En 2017, quelque 168 personnes ont été tuées par des agents des forces de l’ordre jamaïcains, soit en moyenne trois personnes par semaine dans un pays qui compte 2,8 millions de personnes. Au cours des dix dernières années, seuls quelques rares policiers ont été déclarés coupables de tels homicides.
Un tribunal spécial du coroner a été créé en 2011 pour mener des enquêtes sur ces homicides imputables à la police et déterminer la légalité de leurs actions, mais le nombre d’affaires en attente s’accumule, en raison du budget annuel insuffisant qui lui est alloué et qui permet d’employer seulement un juge et très peu de personnel.
Les méthodes d’intimidation et de harcèlement auxquelles la police a recours pour réduire les familles des victimes au silence sont un autre obstacle à la justice, comme l’a démontré Amnistie internationale dans son rapport de 2016 (en anglais) intitulé Waiting in Vain, Jamaica: Unlawful Police Killings and Relatives’ Long Struggle for Justice.
Dans le cadre de la campagne annuelle d'Amnistie internationale Écrire pour les droits, 500 000 actions dénonçant les homicides commis par la police en Jamaïque ont été lancées dans le monde entier depuis décembre 2017, notamment des tweets, des lettres, des courriels et des milliers de messages de solidarité pour Shackelia Jackson, dont le frère, Nakiea Jackson, a été tué par la police jamaïcaine en 2014.
En 2016, une enquête préliminaire sur cette affaire avait été classée sans suites lorsqu’un témoin clé avait refusé de comparaître au tribunal, par peur des représailles. La famille Jackson a déclaré que la police avait effectué plusieurs descentes dans leur quartier, et qu’elle avait été victime de manœuvres d’intimidation au tribunal. Comme des centaines d’autres, l’affaire est maintenant en attente d’enquête.
« En Jamaïque, le problème c'est le système. Il ne fonctionne plus.

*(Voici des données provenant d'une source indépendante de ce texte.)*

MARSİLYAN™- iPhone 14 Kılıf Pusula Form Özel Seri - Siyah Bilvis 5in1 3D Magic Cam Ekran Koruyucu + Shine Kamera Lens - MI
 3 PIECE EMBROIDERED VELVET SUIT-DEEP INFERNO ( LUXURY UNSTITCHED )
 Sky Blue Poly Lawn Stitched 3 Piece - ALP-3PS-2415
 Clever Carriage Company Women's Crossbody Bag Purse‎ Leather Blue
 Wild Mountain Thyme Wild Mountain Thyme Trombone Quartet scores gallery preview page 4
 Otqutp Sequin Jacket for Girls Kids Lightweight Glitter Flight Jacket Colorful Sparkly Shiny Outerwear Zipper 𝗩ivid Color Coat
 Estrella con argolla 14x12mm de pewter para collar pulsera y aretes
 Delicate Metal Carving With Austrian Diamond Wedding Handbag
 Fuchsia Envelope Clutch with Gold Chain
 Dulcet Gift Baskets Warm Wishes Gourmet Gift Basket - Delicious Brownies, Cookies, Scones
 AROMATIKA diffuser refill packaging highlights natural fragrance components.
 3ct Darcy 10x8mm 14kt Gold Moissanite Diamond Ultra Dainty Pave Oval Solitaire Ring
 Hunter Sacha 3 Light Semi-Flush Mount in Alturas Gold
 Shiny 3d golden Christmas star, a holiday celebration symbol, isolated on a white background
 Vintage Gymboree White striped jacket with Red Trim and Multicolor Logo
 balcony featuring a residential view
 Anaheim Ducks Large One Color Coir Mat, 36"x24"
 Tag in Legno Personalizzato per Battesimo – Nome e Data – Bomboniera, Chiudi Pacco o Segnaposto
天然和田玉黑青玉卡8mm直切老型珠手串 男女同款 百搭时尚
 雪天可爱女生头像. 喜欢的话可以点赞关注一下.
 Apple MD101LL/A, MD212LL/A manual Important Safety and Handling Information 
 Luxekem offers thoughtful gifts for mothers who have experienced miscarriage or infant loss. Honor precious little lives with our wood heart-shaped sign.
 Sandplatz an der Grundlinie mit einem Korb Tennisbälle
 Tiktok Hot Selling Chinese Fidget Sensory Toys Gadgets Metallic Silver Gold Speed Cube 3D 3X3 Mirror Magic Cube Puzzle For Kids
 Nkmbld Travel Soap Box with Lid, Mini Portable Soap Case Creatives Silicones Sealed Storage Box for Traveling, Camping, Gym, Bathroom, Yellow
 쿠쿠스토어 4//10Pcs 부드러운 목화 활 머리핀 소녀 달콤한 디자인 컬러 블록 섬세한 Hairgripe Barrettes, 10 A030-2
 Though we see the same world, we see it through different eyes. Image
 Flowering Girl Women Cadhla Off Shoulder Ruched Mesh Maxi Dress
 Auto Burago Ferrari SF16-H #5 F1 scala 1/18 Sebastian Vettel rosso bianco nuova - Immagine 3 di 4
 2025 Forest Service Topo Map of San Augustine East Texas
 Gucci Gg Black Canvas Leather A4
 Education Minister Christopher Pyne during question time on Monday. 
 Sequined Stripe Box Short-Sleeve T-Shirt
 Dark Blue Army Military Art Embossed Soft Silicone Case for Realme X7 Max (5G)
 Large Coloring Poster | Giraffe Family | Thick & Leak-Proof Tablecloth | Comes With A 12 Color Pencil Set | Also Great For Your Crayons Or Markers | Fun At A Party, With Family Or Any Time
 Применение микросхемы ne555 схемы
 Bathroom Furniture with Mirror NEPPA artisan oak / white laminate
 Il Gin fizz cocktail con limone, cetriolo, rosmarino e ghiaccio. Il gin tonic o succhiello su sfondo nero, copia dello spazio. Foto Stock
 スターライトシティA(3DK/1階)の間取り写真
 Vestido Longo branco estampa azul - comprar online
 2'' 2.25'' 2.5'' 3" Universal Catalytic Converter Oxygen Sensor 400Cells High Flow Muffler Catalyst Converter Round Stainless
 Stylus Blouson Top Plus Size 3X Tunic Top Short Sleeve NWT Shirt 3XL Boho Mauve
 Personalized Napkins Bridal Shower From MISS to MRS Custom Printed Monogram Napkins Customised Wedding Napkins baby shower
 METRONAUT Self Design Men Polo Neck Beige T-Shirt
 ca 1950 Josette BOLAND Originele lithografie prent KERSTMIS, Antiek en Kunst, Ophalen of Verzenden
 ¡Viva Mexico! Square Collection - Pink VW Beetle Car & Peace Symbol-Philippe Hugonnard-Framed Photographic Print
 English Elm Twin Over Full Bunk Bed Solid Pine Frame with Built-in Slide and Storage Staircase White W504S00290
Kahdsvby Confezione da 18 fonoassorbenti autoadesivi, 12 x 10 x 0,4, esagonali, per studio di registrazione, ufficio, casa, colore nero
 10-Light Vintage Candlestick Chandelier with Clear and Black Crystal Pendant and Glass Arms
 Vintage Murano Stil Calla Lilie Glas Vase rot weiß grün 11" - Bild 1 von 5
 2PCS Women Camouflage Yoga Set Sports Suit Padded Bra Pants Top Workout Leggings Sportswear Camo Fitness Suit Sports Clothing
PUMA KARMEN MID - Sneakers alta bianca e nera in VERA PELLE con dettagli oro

Je sais que c’est le tireur qui est responsable de la mort de mon frère, mais c'est le système qui a permis à cette tragédie de se produire, dans ce cas-là comme dans tant d'autres », a déclaré Shackelia Jackson, qui a participé à la remise de la pétition au bureau du Premier ministre à l’occasion de la Journée internationale contre les violences policières.
Mercia Fraser, la mère de Mario Deane, mort après avoir été violemment frappé en garde à vue, ainsi que des membres de l’ONG Jamaicans for Justice faisaient également partie de la délégation qui a remis la pétition.
Des proches de personnes tuées par la police aux États-Unis et au Brésil ont également participé, notamment Katrina Johnson, dont la cousine Charleena Lyles était enceinte de 14 semaines lorsqu’elle a été abattue par la police devant ses enfants après avoir signalé un cambriolage chez elle, à Seattle (État de Washington).
Ana Paula de Oliveira, la mère de Johnatha de Oliveira, tué par la police à Rio de Janeiro en 2014, à l’âge de 19 ans, était également présente.